J. Statements of Cash Flows
For purposes of the consolidated statements of cash
flows, amounts receivable from credit card companies
and investments purchased with a maturity of three
months or less are considered cash equivalents.
K. Net Earnings (Loss) Per Share
In February 1997, the Financial Accounting Standards
Board issued Statement of Financial Accounting
Standards No. 128 (SFAS 128), “Earnings Per Share,
which requires presentation of basic and diluted earnings
per share. Basic earnings per share is computed by
dividing income available to common shareholders by
the weighted-average number of common shares
outstanding for the reporting period. Diluted earnings per
share reflects the potential dilution that could occur if
securities or other contracts to issue common stock
were exercised or converted into common stock. As
required, the Company adopted the provisions of
SFAS 128 during 1998. All prior year weighted-average
and per share information has been restated in accor-
dance with SFAS 128. Outstanding stock options issued
by the Company represent the only dilutive effect reflected
in diluted weighted-average shares.
Options to purchase 120,200 and 868,300 shares
of common stock were excluded from the calculation
of diluted earnings per share for the years ended
May 30, 1999, and May 31, 1998, respectively, because
their exercise prices exceeded the average market price
of common shares for the period. All options were
excluded from the calculation of diluted earnings per
share for the year ended May 25, 1997, because their
inclusion would have been anti-dilutive.
L. Derivative Financial and Commodity Instruments
On January 31, 1997, the Securities and Exchange
Commission (SEC) issued amended disclosure rules for
derivatives and exposures to market risk from derivative
and other financial and certain commodity instruments.
Enhanced accounting policy disclosures in accordance
with this SEC release follow.
The Company may, from time to time, use financial and
commodities derivatives in the management of interest
rate and commodities pricing risks that are inherent in
its business operations. The Company may also use
financial derivatives as part of its stock repurchase
program as described in Note 10. Such instruments are
not held or issued for trading or speculative purposes.

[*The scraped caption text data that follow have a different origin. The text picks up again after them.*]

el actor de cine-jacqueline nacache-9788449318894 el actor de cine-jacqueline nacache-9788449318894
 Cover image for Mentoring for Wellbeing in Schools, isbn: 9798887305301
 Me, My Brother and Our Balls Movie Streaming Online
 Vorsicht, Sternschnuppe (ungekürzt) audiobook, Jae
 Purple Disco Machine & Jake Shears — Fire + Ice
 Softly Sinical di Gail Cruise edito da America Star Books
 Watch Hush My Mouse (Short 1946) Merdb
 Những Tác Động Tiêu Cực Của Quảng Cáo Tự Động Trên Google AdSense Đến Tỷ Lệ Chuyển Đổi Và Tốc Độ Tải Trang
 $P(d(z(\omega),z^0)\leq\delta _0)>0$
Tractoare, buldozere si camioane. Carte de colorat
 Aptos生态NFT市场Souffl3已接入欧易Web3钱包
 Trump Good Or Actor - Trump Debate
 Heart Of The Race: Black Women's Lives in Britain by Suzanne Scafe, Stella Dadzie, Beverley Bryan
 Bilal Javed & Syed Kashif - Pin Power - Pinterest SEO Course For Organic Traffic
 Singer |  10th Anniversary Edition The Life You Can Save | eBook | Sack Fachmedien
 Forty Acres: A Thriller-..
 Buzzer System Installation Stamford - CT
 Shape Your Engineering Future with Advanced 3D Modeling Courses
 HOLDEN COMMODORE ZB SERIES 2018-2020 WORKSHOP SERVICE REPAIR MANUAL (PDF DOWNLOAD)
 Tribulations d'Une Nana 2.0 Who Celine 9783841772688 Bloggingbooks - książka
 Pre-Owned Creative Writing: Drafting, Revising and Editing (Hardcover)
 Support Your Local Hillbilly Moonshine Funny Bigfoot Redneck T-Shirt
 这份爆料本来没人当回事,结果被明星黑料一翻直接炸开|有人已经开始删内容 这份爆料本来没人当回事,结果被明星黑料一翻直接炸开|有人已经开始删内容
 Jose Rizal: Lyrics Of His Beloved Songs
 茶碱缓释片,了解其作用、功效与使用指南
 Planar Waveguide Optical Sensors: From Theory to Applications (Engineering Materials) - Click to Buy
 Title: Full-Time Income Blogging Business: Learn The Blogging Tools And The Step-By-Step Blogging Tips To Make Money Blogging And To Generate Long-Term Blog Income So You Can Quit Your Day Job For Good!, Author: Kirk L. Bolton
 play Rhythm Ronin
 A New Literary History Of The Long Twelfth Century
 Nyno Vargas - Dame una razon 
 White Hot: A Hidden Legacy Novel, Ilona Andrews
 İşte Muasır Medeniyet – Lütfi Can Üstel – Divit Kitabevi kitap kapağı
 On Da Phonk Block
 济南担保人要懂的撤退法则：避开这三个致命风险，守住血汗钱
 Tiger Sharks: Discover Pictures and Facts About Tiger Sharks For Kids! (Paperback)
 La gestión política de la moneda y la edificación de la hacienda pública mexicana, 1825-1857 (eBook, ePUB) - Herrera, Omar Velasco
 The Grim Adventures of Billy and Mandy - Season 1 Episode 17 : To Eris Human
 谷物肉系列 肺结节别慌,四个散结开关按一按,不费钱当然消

The Company may, from time to time, use interest-rate
swap and cap agreements in the management of interest
rate exposure. The interest rate differential to be paid or
received is normally accrued as interest rates change,
and is recognized as a component of interest expense
over the life of the agreements. If an agreement is termi-
nated prior to the maturity date and is characterized as a
hedge, any accrued rate differential would be deferred
and recognized as interest expense over the life of the
hedged item. The Company uses commodities hedging
instruments, including forwards, futures and options, to
reduce the risk of price fluctuations related to future raw
materials requirements for commodities such as coffee,
soybean oil and shrimp. The terms of such instruments
generally do not exceed 12 months, and depend on the
commodity and other market factors. Deferred gains and
losses are subsequently recorded as cost of products
sold in the statements of earnings (loss) when the
inventory is sold. If the inventory is not acquired and
the hedge is disposed of, the deferred gain or loss is
recognized immediately in cost of products sold. The
Company believes that it does not have material risk
from any of the above financial instruments, and the
Company does not anticipate any material losses from
the use of such instruments.
M. Use of Estimates
The preparation of financial statements in conformity
with generally accepted accounting principles requires
management to make estimates and assumptions that
affect the reported amounts of assets and liabilities and
disclosure of contingent assets and liabilities at the date
of the financial statements, and the reported amounts of
revenues and expenses during the reporting period.
Actual results could differ from those estimates.